[Data extract]
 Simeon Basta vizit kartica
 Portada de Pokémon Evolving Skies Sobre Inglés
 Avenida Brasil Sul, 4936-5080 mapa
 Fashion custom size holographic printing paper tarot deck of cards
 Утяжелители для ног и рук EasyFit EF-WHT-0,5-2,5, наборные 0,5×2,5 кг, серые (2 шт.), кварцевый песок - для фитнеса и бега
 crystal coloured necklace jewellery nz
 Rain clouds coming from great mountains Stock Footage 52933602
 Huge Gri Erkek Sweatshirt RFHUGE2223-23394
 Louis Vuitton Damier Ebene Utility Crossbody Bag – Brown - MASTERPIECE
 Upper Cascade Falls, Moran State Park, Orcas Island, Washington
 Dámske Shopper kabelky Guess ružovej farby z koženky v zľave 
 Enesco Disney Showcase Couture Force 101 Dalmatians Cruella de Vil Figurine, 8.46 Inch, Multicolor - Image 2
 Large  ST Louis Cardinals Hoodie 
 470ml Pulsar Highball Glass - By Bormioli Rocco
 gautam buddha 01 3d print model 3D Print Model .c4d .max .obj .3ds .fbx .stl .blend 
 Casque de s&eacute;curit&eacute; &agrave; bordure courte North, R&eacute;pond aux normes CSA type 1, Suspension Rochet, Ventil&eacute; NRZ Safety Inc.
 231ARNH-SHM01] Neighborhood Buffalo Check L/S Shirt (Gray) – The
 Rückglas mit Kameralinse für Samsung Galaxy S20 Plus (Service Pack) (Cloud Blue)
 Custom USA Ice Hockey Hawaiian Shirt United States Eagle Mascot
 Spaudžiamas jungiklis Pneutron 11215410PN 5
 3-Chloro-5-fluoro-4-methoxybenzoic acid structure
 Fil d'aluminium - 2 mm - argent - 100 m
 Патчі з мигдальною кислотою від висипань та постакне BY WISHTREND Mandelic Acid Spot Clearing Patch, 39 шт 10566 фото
[/Data extract]
Task requirements: The records above must be transcribed in full, word for word.

Answer space:
 Simeon Basta vizit kartica
 Portada de Pokémon Evolving Skies Sobre Inglés
 Avenida Brasil Sul, 4936-5080 mapa
 Fashion custom size holographic printing paper tarot deck of cards
 Утяжелители для ног и рук EasyFit EF-WHT-0,5-2,5, наборные 0,5×2,5 кг, серые (2 шт.), кварцевый песок - для фитнеса и бега
 crystal coloured necklace jewellery nz
 Rain clouds coming from great mountains Stock Footage 52933602
 Huge Gri Erkek Sweatshirt RFHUGE2223-23394
 Louis Vuitton Damier Ebene Utility Crossbody Bag – Brown - MASTERPIECE
 Upper Cascade Falls, Moran State Park, Orcas Island, Washington
 Dámske Shopper kabelky Guess ružovej farby z koženky v zľave 
 Enesco Disney Showcase Couture Force 101 Dalmatians Cruella de Vil Figurine, 8.46 Inch, Multicolor - Image 2
 Large  ST Louis Cardinals Hoodie 
 470ml Pulsar Highball Glass - By Bormioli Rocco
 gautam buddha 01 3d print model 3D Print Model .c4d .max .obj .3ds .fbx .stl .blend 
 Casque de s&eacute;curit&eacute; &agrave; bordure courte North, R&eacute;pond aux normes CSA type 1, Suspension Rochet, Ventil&eacute; NRZ Safety Inc.
 231ARNH-SHM01] Neighborhood Buffalo Check L/S Shirt (Gray) – The
 Rückglas mit Kameralinse für Samsung Galaxy S20 Plus (Service Pack) (Cloud Blue)
 Custom USA Ice Hockey Hawaiian Shirt United States Eagle Mascot
 Spaudžiamas jungiklis Pneutron 11215410PN 5
 3-Chloro-5-fluoro-4-methoxybenzoic acid structure
 Fil d'aluminium - 2 mm - argent - 100 m
 Патчі з мигдальною кислотою від висипань та постакне BY WISHTREND Mandelic Acid Spot Clearing Patch, 39 шт 10566 фото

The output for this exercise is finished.